Recorded data:
= Beginning of Section =
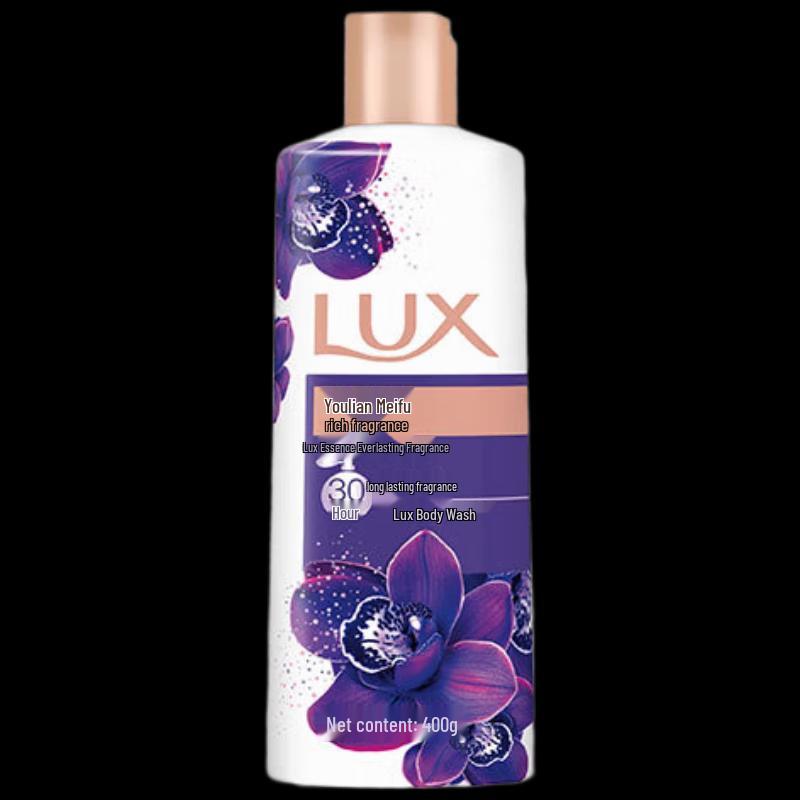 Lux Enchanting Lotus Deep Cleanse Shower Gel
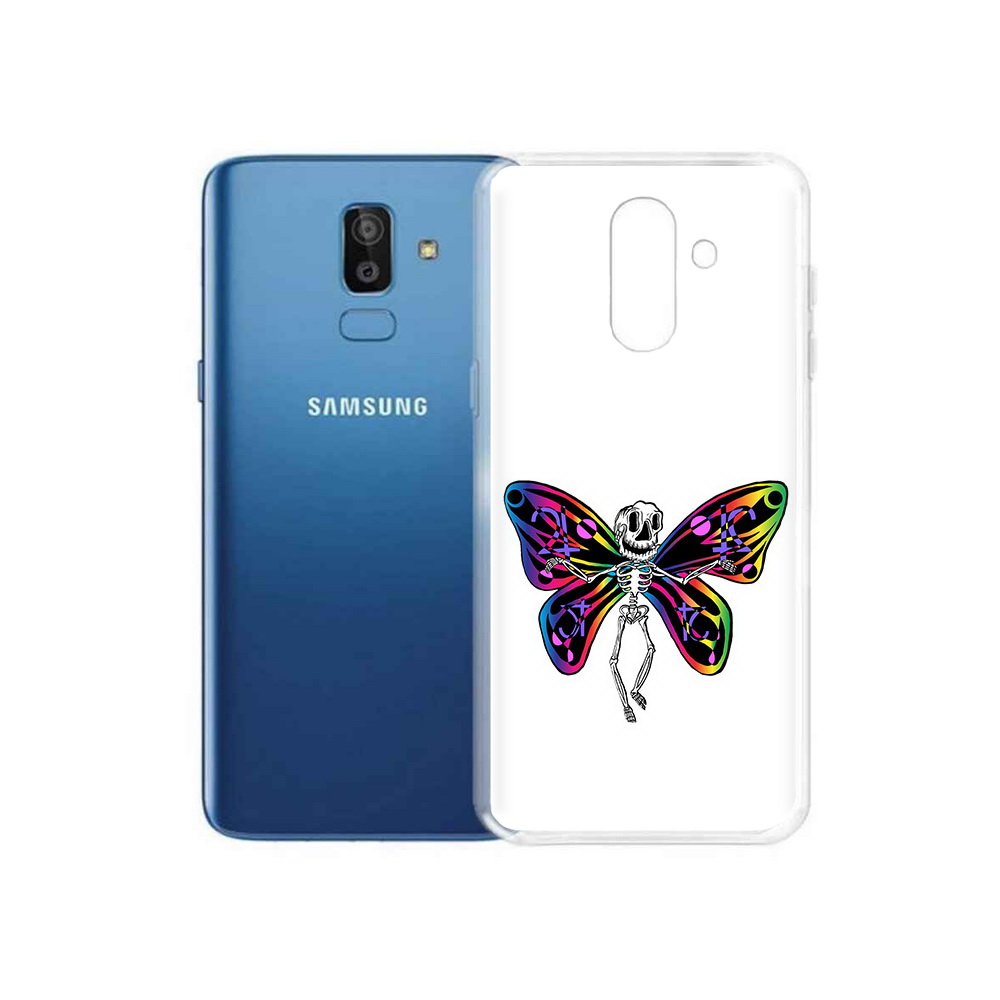 Чехол MyPads Tocco для Samsung Galaxy J8 эффект бабочки (PT226929.592.701), Прозрачный, Tocco
Чехол MyPads Tocco для Samsung Galaxy J8 эффект бабочки (PT226929.592.701), Прозрачный, Tocco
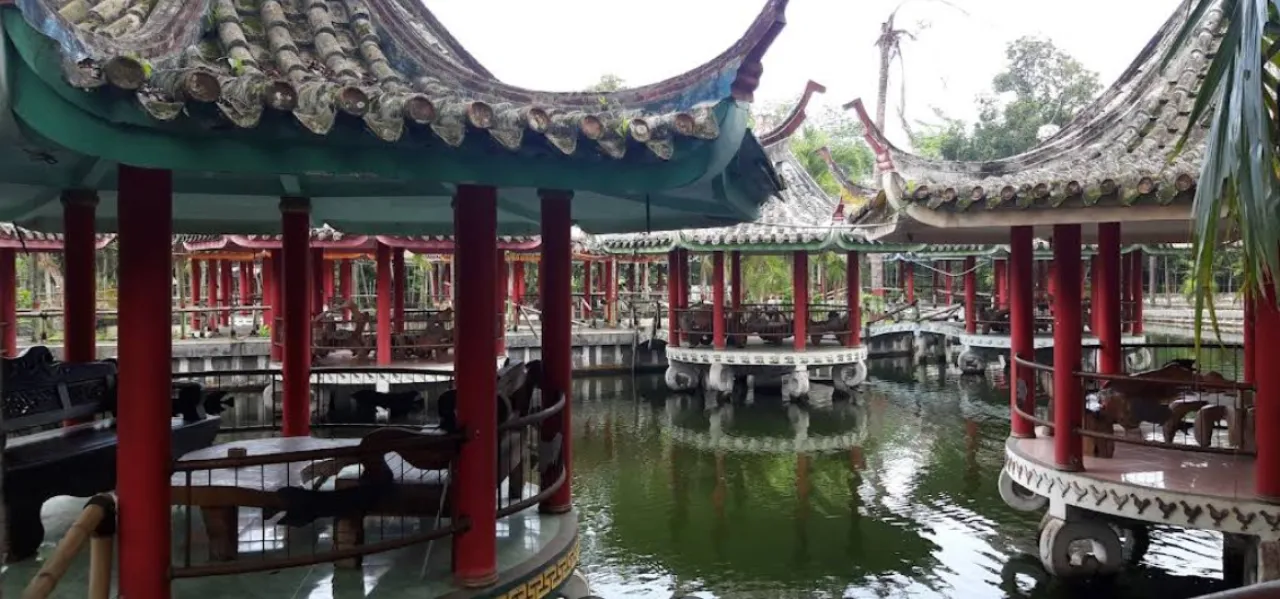 Grati Park, Wisata Keluarga dengan Suasana Asri di Sumbersuko Lumajang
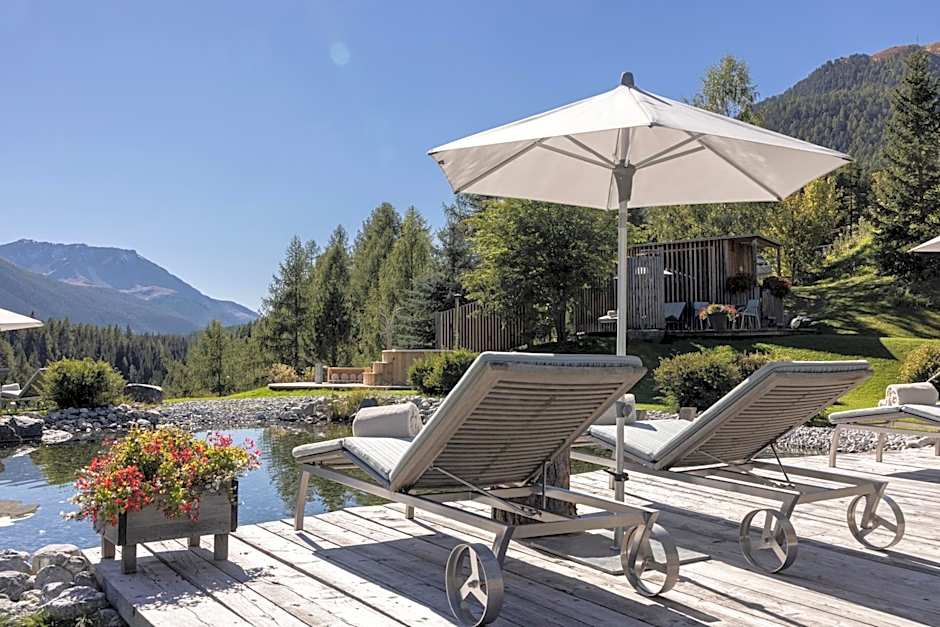 Relais & Châteaux IN LAIN Hotel Cadonau
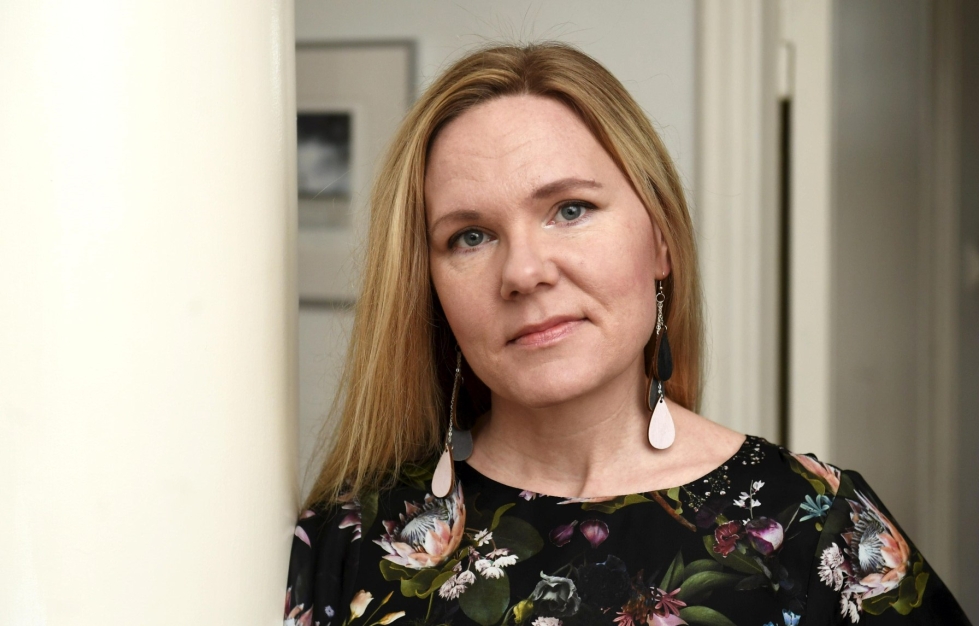 Lapsiasiavaltuutettu Elina Pekkarinen pyytää oikeusministeriötä arviomaan rangaistavuutta mahdollisimman pian. LEHTIKUVA / VESA MOILANEN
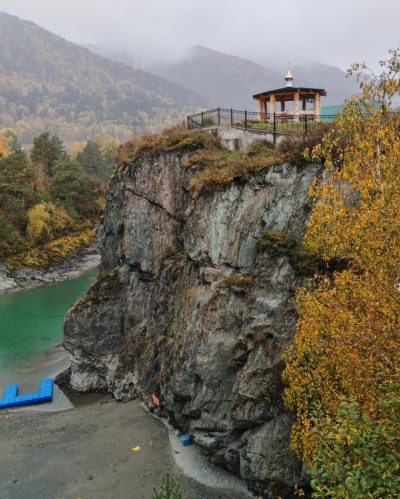 Республика Алтай в марте — фото погоды (2025-03-18)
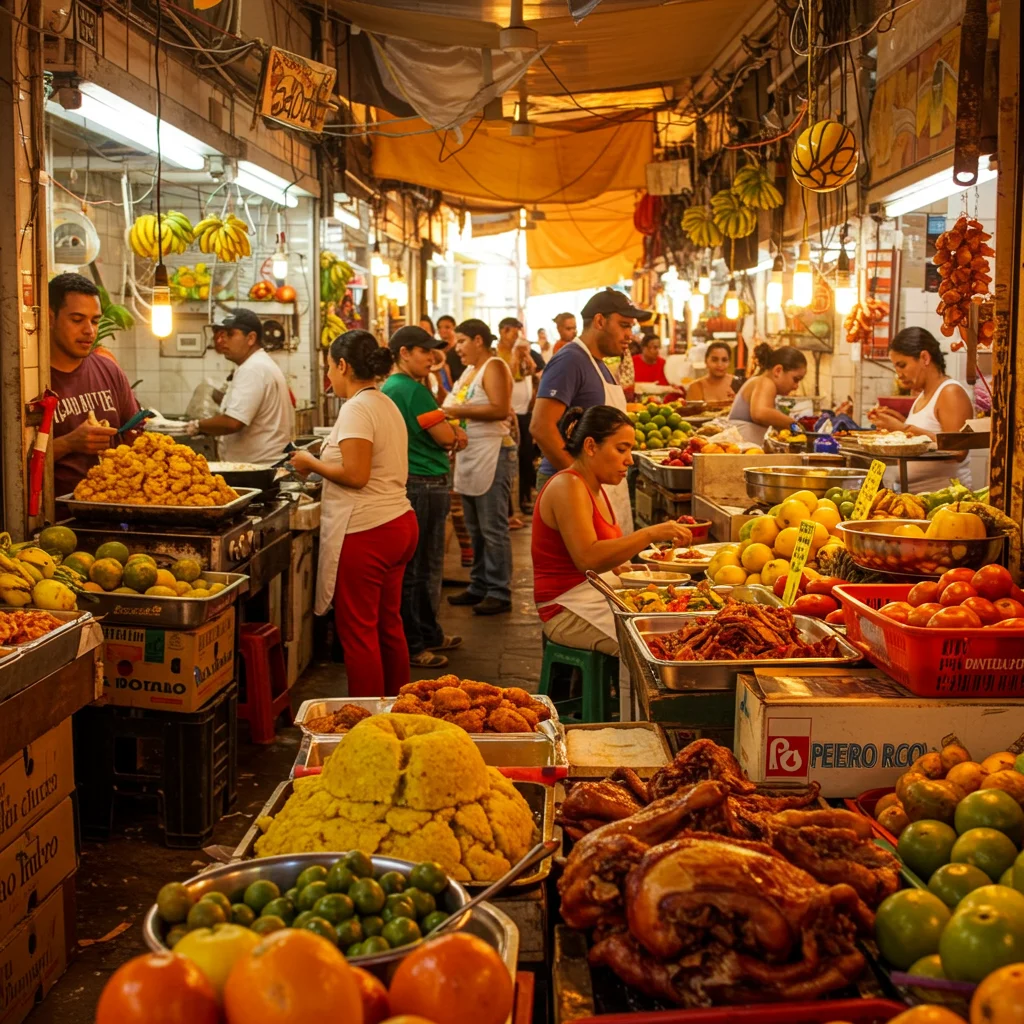 Introduction: Why Puerto Rican Cuisine is a Must-Try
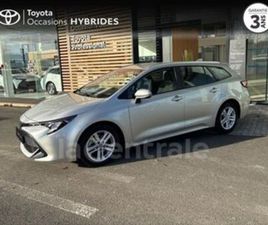 TOYOTA COROLLA XII 1.8 XII GENERATION2 1.8 TOURING SPORTS PRO HYBRIDE 122H DYNAMIC BUSINESS + PROGRAMME BEYOND ZERO ACADEMY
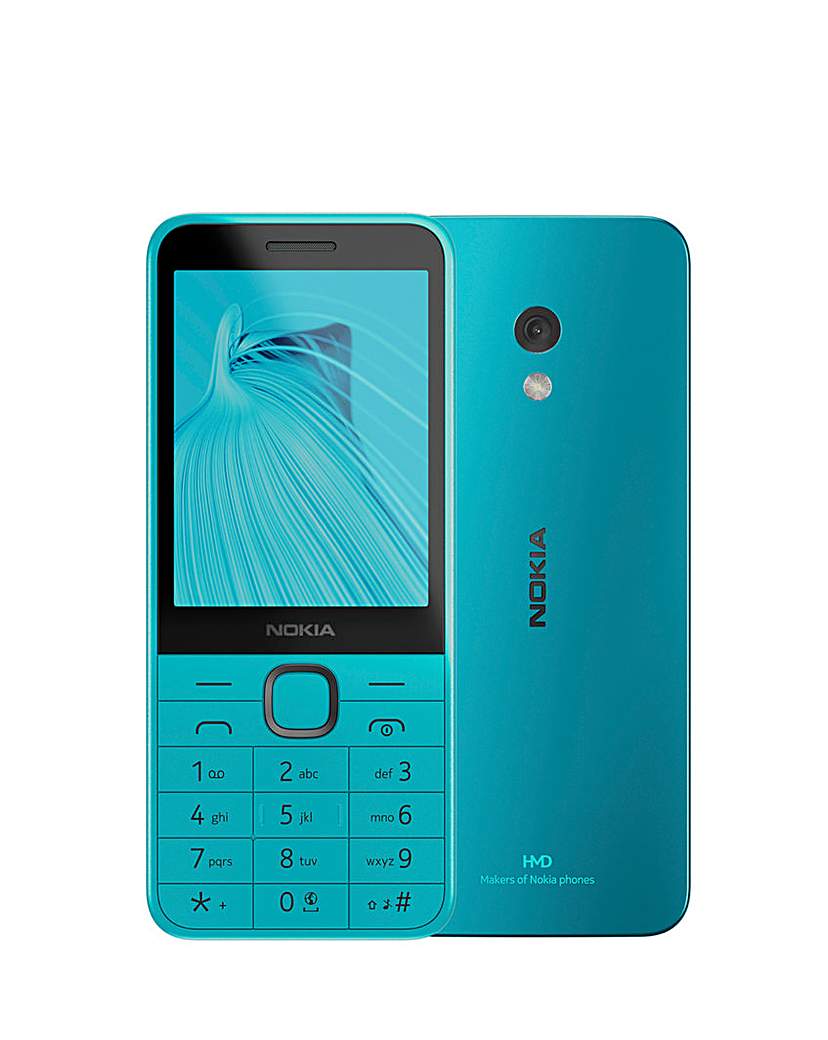 Nokia 235 4G - Blue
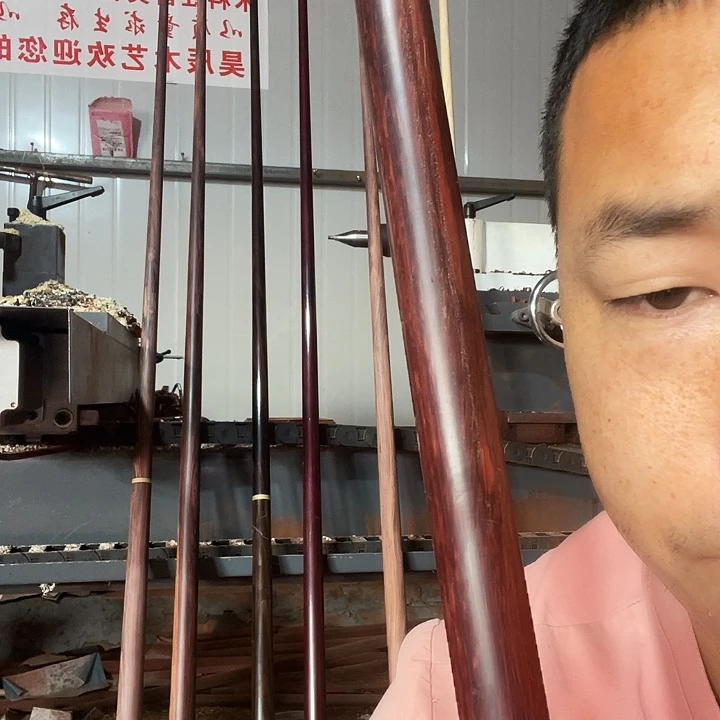 木用****9紫檀木料紫檀木料35长1.6两根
= End of Section =
* _What you will do_: An exact printout of the entries is wanted, covering the first line through the line holding "Relais & Châteaux IN LAIN Hotel Cadonau", with pictures kept out of it.

* _Result_:
 Lux Enchanting Lotus Deep Cleanse Shower Gel
 Чехол MyPads Tocco для Samsung Galaxy J8 эффект бабочки (PT226929.592.701), Прозрачный, Tocco
Чехол MyPads Tocco для Samsung Galaxy J8 эффект бабочки (PT226929.592.701), Прозрачный, Tocco
 Grati Park, Wisata Keluarga dengan Suasana Asri di Sumbersuko Lumajang
 Relais & Châteaux IN LAIN Hotel Cadonau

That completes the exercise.